TASK DIRECTIONS
Beginning with the line that holds "Linksys Velop Mesh" and ending with the last line below, repeat each line exactly, leaving any pictures out.

<<<<

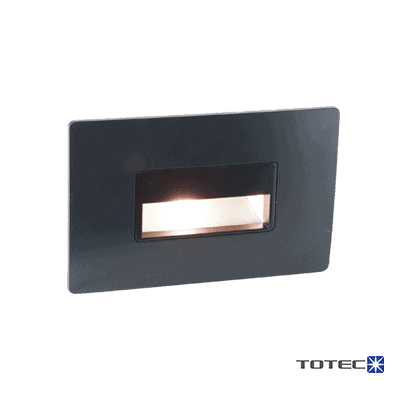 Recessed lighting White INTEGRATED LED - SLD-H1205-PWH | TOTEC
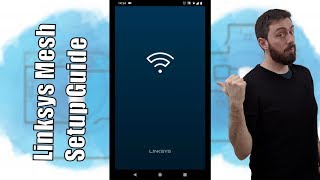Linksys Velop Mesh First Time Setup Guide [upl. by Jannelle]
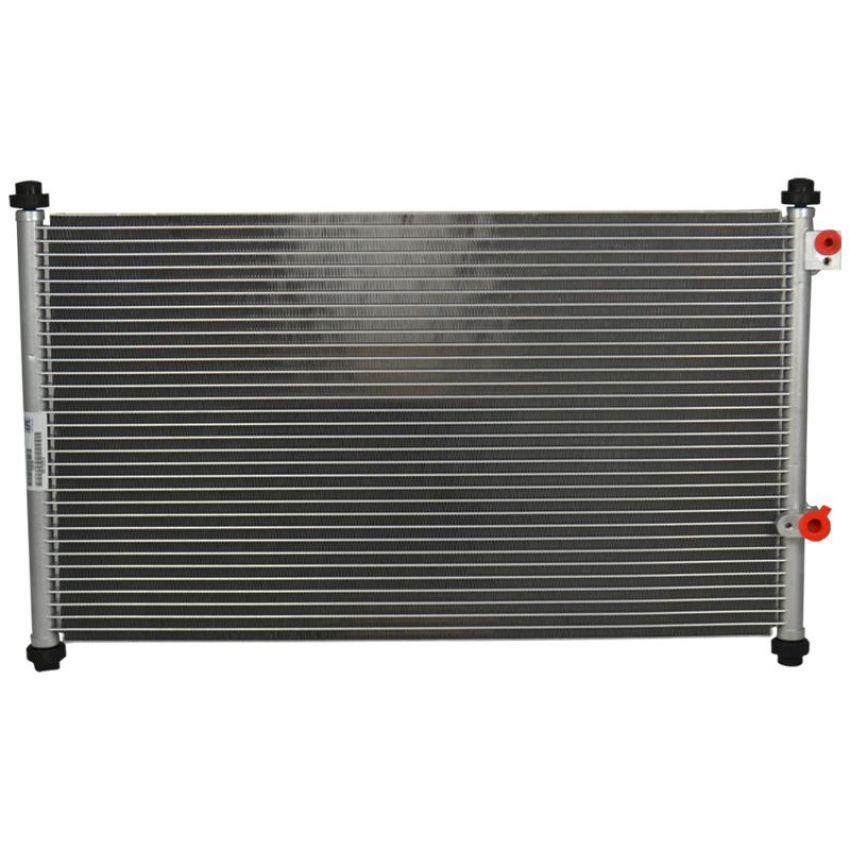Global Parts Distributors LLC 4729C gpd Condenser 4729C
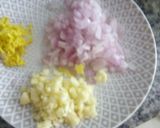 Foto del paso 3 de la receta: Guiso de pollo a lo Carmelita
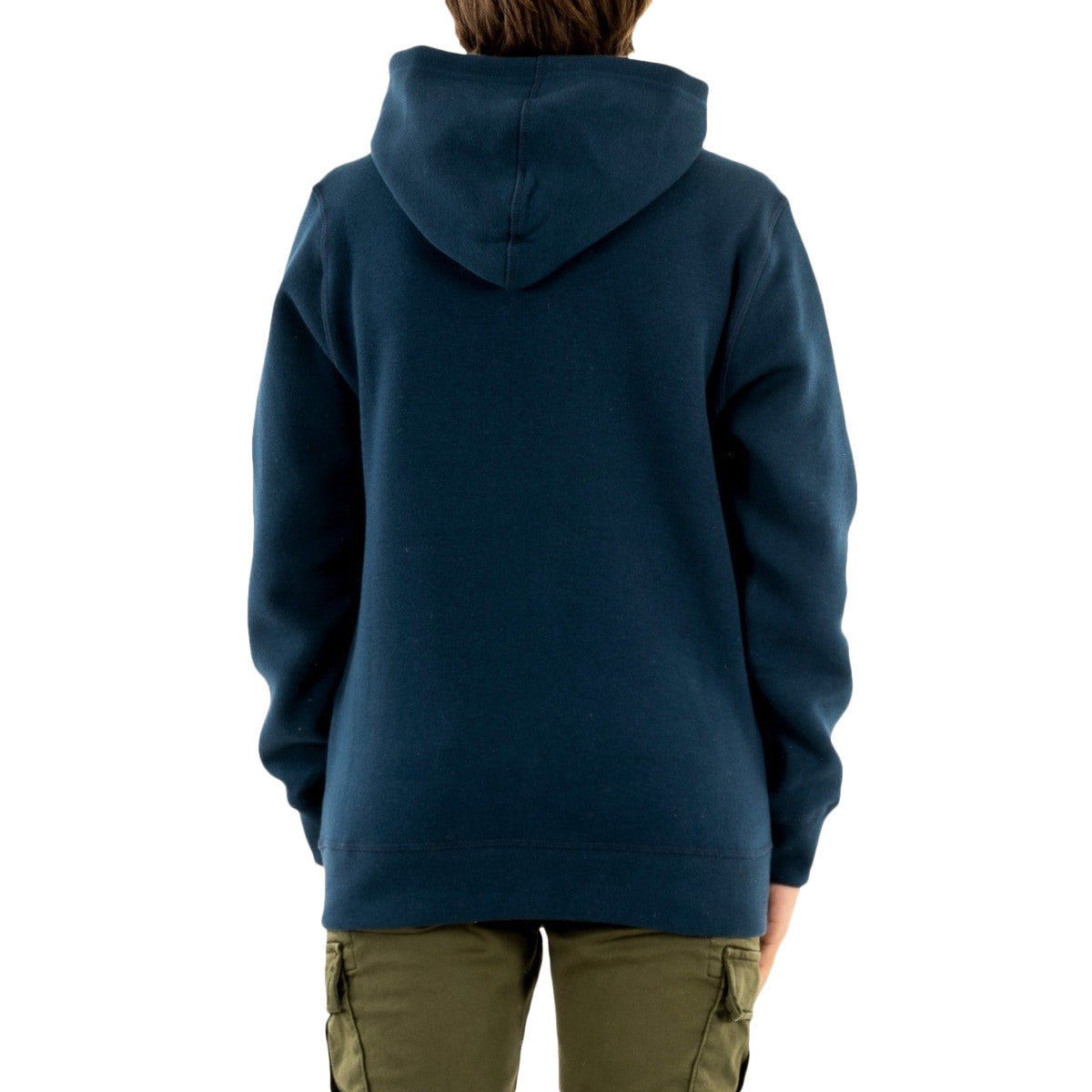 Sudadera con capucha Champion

>>>>

ANSWER BOX
Linksys Velop Mesh First Time Setup Guide [upl. by Jannelle]
Global Parts Distributors LLC 4729C gpd Condenser 4729C
 Foto del paso 3 de la receta: Guiso de pollo a lo Carmelita
 Sudadera con capucha Champion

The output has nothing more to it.